- Release poster
- Genre: drama; fantasy; horror;
- Created by: Benjamin Dupas; Isaure Pisani-Ferry;
- Starring: Oulaya Amamra; Suzanne Clément; Aliocha Schneider; Kate Moran; Mounir Amamra; Juliette Cardinski; Pierre Lottin;
- Country of origin: France
- Original language: French
- No. of seasons: 1
- No. of episodes: 6

Original release
- Release: 20 March 2020

= Vampires (TV series) =

2020 French-language television series

Vampires is a 2020 French-language supernatural horror television series created by Benjamin Dupas and Isaure Pisani-Ferry and starring Oulaya Amamra, Suzanne Clément, Aliocha Schneider, Kate Moran, Mounir Amamra and Juliette Cardinski.

The plot revolves around Doina (Oulaya Amamra), a vampire girl who suppress her vampire tendencies by taking pills, and who lives with her mother, Martha (Suzanne Clément).
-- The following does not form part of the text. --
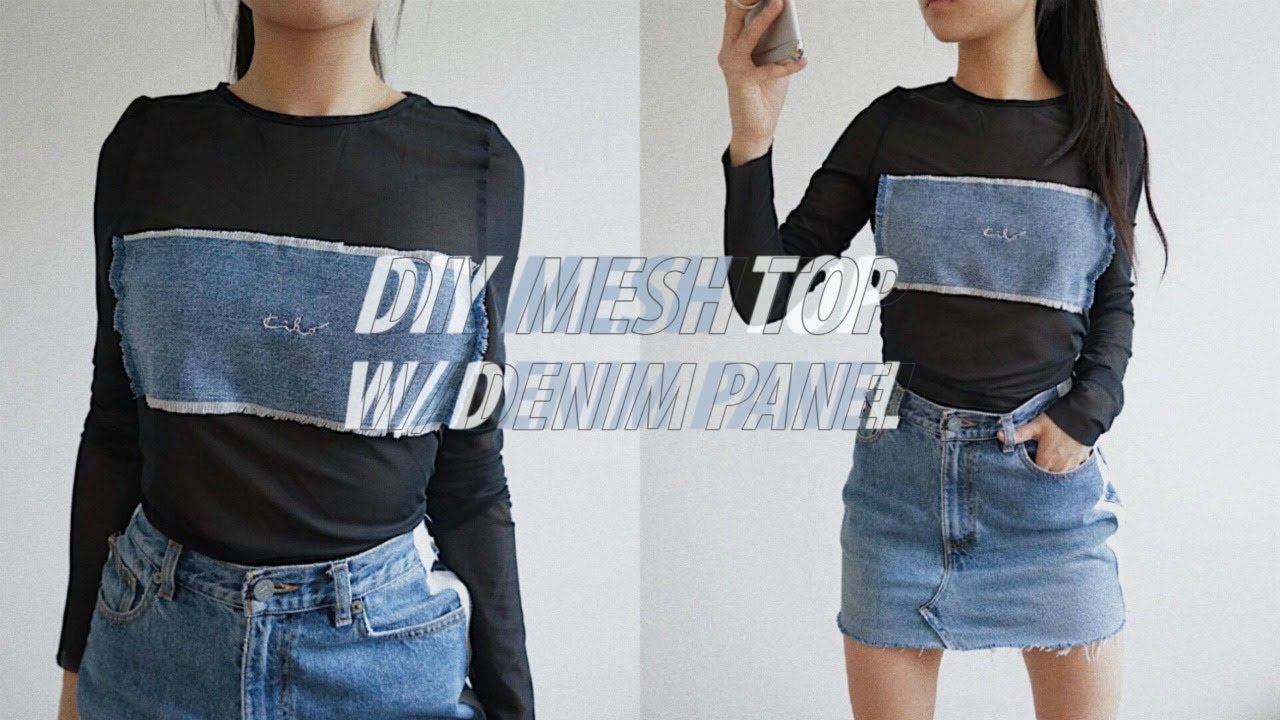DIY MESH BODYSUIT with DENIM PANEL | 3 Ways to Embroid | THATTOMMYGIRL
It was released on 20 March 2020 on Netflix.

==Cast==
- Oulaya Amamra as Doina Radescu
- Suzanne Clément as Martha Radescu
- Aliocha Schneider as Ladislas Nemeth
- Kate Moran as Csilla Nemeth
- Mounir Amamra as Andrea Radescu
- Juliette Cardinski as Irina Radescu
- Pierre Lottin as Rad Radescu
- Dylan Robert as Nacer
- Antonia Buresi as Elise
- Bilel Chegrani as Moji
- Theo Hakola as Gabor Nemeth
- Ayumi Roux as Clarisse
- Jalal Altawil as Stan
- Jonathan Genet as Auguste
- Marilú Marini as Belen

==Release==
Vampires was released on 20 March 2020 on Netflix.